Photo by Kelly Sikkema on Unsplash
As you might have heard, 2020 was full of unprecedented times. All of the worry, uncertainty, and change of routine negatively impacted my reading life. I managed to read my average number of books (54), but I would sometimes go weeks without reading a single page because I didn’t feel like my brain could handle the kind of focus a book requires. I said multiple times that it was Zoloft and the Great British Baking Show that got me through such a difficult season, and I stand by that in 2021.
Despite my reading life being a little weird at times, I managed to read some books I truly love. Here’s a look at my top ten plus some honorable mentions. These are in random order.
Such a Fun Age by Kiley Reid
I finished Such a Fun Age in January of last year, and even though it was early in the year, I knew this book would be on my favorites list. It tells the story of a young Black woman named Emira who works as a babysitter for a white child named Briar.
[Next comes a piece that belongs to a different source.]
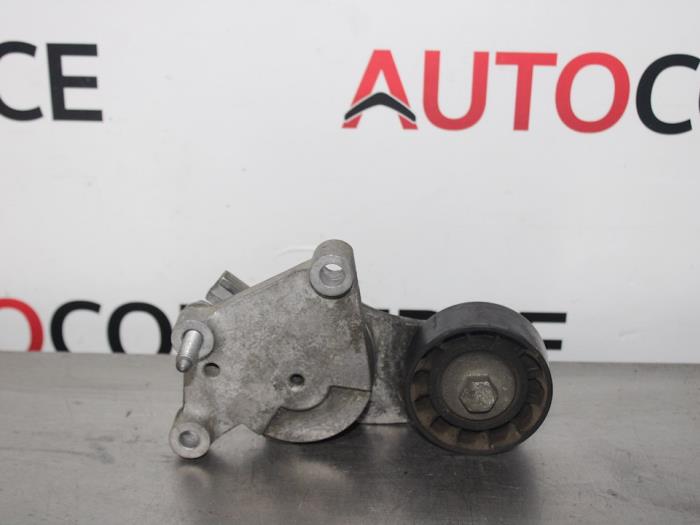 Usados Rodillo tensor correa múltiple Citroen C3 (SC) 1.6 HDi 92 Precio € 20,00 Norma de margen ofrecido por Autocommerce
Briar’s mother is Alix, a blogger and social media influencer. One night, Emira is asked to take Briar out of the house for a bit, so the two head to a high-end grocery store nearby to kill time. It’s there where Emira is accused of kidnapping Briar, an event that sets off a bomb in the lives of the characters. Kiley Reid’s debut novel is a smart, immensely entertaining look at race, white privilege, and how people can be blind to what’s right in front of them.
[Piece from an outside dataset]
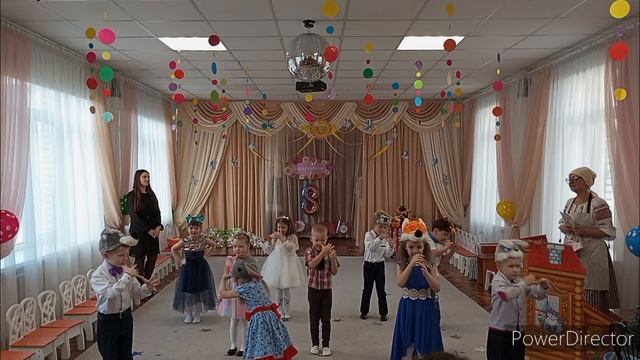 праздник 8 марта. группа 11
The Lazy Genius Way: Embrace What Matters, Ditch What Doesn’t, and Get Stuff Done by Kendra Adachi
I’ve been a long time listener of Adachi’s Lazy Genius podcast, so I was eager to get my hands on her book. I knew I’d like it, but I didn’t expect just how helpful it would be. I appreciate this book because it isn’t full of specific steps or lists of things you must do to achieve success. Instead, Adachi presents the reader with different principles that can work for any person and situation. I’ve applied a couple of principles to my own life with great success. As soon as I finished this book, I gave my copy to my mom and sent another one to my best friend. It’s that good and useful.
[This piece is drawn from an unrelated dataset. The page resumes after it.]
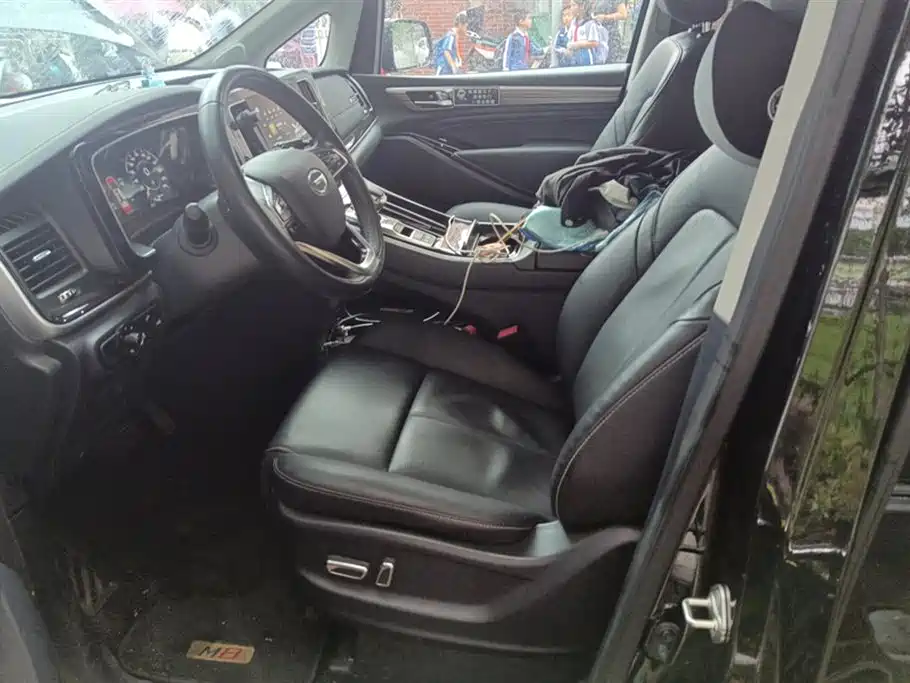 GAC Trumpchi M8 2023 Lingxiu Series 390T Prestige Edition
Here for It, or, How to Save Your Soul in America by R. Eric Thomas
I don’t reread books very often, but as soon as I finished Here for It, I wanted to start it again. This book is a collection of essays by the hilarious and thoughtful R. Eric Thomas. He writes about pop culture, religion, sexuality, and growing up as a gay man in the Midwest. Here for It is funny, smart, and more profound than you think it’ll be if you’re judging it by its bright pink cover. I’m grateful to have finally found R. Eric Thomas since there hasn’t been a year in which I needed laughter more than in 2020. (Sign up for his newsletter for weekly laughs. They’re the delights of my Sundays.)
My Dark Vanessa by Kate Elizabeth Russell
When I read fiction, I appreciate and seek out certain settings, including schools (I guess I don’t get enough at work). My Dark Vanessa goes back and forth from a boarding school in 2000 to 2017 where our protagonist is working at a hotel. The title character reflects on the relationship she had with a former teacher when she was 15 and how it still shapes her life at 32. If you’re a sensitive reader who’s troubled by stories of abuse, this is not the book for you. Russell’s story is dark, yet the psychology behind the power dynamics of a student/teacher affair is handled with sensitivity and great insight.
White Rage: The Unspoken Truth of Our Racial Divide
by Carol Anderson
This book blew my mind. I thought I knew a decent amount about American history, but I was wrong. I thought I had a sense of how deep the roots of racism are in the United States, but I was wrong about that, too. In White Rage, Carol Anderson explores the opposition white people have had to Black success and flourishing. The part of the book that explores segregated schools was particularly eye-opening for me. If someone came to me and asked where to start with their antiracist reading, I’d hand them a copy of White Rage along with a pen so they could take notes.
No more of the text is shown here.